Pazartesi günkü kanlı şiddet, Ekvador’da bir aydan biraz uzun bir süre içinde yaşanan ikinci ölümcül hapishane isyanı, ülkenin sorunlu ve aşırı kalabalık cezaevi sistemi içindeki korkunç güvenlik durumunun altını çiziyor. Birleşmiş Milletler’e göre, geçen yıl ülke genelinde hapishanelerde yaklaşık 300 kişi öldürüldü ve hapishane nüfusu son 13 yılda üç katına çıkarak sistem üzerinde ciddi bir baskıya neden oldu.

İnsan Hakları İzleme Örgütü Amerika Direktörü Tamara Taraciuk Broner kısa mesaj yoluyla “Bu, Ekvador’un hapishane sistemindeki kontrol eksikliğinin endişe verici bir hatırlatıcısı” dedi. Yetkililer, cezaevlerinin aşırı kalabalıklaşmasına ve tutukluları ve ailelerine şantaj yapan suç örgütlerinin cezaevlerinin denetimini sona erdirmeye öncelik vermedikçe, bu tesisler suç ve şiddetin üreme alanı olmaya devam edecek” dedi.

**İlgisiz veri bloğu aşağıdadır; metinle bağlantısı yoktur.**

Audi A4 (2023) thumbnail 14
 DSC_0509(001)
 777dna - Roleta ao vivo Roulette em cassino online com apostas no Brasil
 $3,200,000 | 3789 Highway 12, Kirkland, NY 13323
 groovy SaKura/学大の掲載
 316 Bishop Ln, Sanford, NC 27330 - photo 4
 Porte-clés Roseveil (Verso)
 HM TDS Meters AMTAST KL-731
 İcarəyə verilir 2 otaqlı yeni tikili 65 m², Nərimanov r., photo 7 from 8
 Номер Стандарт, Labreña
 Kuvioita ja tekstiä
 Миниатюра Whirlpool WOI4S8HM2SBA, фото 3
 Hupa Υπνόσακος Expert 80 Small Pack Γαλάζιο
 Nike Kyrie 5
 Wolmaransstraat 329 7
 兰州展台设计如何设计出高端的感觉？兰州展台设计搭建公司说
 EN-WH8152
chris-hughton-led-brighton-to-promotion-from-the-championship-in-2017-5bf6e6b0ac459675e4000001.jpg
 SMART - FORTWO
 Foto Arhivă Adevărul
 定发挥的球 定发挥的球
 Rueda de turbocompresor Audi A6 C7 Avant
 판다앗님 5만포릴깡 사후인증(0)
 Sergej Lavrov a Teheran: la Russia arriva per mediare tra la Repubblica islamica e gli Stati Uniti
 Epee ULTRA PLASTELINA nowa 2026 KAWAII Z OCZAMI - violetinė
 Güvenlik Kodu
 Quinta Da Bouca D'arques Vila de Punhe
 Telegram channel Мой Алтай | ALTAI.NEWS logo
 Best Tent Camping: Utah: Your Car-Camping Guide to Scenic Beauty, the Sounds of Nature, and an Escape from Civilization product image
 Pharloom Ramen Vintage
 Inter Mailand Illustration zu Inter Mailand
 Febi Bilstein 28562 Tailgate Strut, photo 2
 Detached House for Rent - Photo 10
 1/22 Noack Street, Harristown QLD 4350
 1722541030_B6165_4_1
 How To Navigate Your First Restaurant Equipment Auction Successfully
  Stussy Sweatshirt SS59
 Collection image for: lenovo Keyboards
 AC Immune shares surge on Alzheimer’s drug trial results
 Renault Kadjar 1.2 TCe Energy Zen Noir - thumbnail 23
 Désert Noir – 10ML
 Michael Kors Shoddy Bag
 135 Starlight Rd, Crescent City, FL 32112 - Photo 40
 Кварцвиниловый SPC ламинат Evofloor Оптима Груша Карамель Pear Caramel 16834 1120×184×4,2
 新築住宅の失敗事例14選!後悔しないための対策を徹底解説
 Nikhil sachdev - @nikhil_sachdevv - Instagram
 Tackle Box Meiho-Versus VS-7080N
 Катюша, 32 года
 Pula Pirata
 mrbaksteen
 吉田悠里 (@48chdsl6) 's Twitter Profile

Şubat ayında Başkan Guillermo Lasso, mahkumlar için gıda, sağlık deva ve işe erişimi artırmayı amaçlayan yeni bir politika başlattı. Aşırı kalabalığın azaltılmasına yardımcı olmak için, küçük suçlar işleyen ve cezalarının yarısından fazlasını çekmiş olanlar da dahil olmak üzere yaklaşık 5.000 mahkumun serbest bırakılmasını emretti.




BM, hareketi değerli bir ilk adım olarak memnuniyetle karşıladı.

Örgüt yaptığı açıklamada, “Ekvador’un hapishane sistemini cezai önlemlere aşırı güvenmekten ve suçu önlemeye ve uluslararası insan hakları standartlarına uygun hale getirmeye yardımcı olmak için yeni politikanın uygulanacağını umuyoruz” dedi. .

Hareketler, geçen Eylül ayında Guayaquil şehrinde 100’den fazla kişinin ölümüne ve 52 kişinin yaralanmasına neden olan bir isyanın ardından geldi. Bay Kement, üç ay süren bir olağanüstü hal ilan etti.

Bay Lasso Pazartesi günü Twitter’da “Santo Domingo hapishanesindeki isyanda ölenlerin ailelerine ve sevdiklerine en derin taziyelerimi sunuyorum” dedi. “Bu, çete şiddetinin talihsiz bir sonucudur.”

Bir basın toplantısında, içişleri bakanı Bay Carrillo, Pazartesi günkü isyanın muhtemel nedeninin Ekvador’un en büyük suç örgütlerinden birinin liderinin başka bir kurumdan planlı yer değiştirmesi olduğunu söyledi. Suç lideri Freddy Anchundia, geçen ay ülkenin güneyindeki El Turi’de 21 kişinin ölümüne neden olan bir başka hapishane isyanından sonra maksimum güvenlikli bir hapishaneye nakledilecekti.

Ancak, Guayaquil’deki bir tesise vardıktan sonra Bay Anchundia’nın bir yargıç tarafından yeniden, Pazartesi sabahı isyan patlak verdiğinde bulunduğu Santo Domingo’daki hapishaneye nakledilmesi emredildi.

Bay Carrillo’ya göre, Pazartesi günkü isyan, El Turi’de geçen ayki ölümcül isyanı başlatan aynı suç grupları tarafından ateşlendi.

Ekvador cezaevi sisteminin “birçok yapısal sorunu var – bu sorunlar kısa vadede çözülemez” dedi Bay Carrillo. “Yaşamakta olduğumuz şey artık bireylerin, kurumların bile sorunu değil. Bu bir devlet sorunu ve bunu hükümetten çözmemiz gerekiyor.”

Susana Roa Chejín ve Marcela Ribadeneira, Ekvador Quito’dan gelen haberlere katkıda bulundular.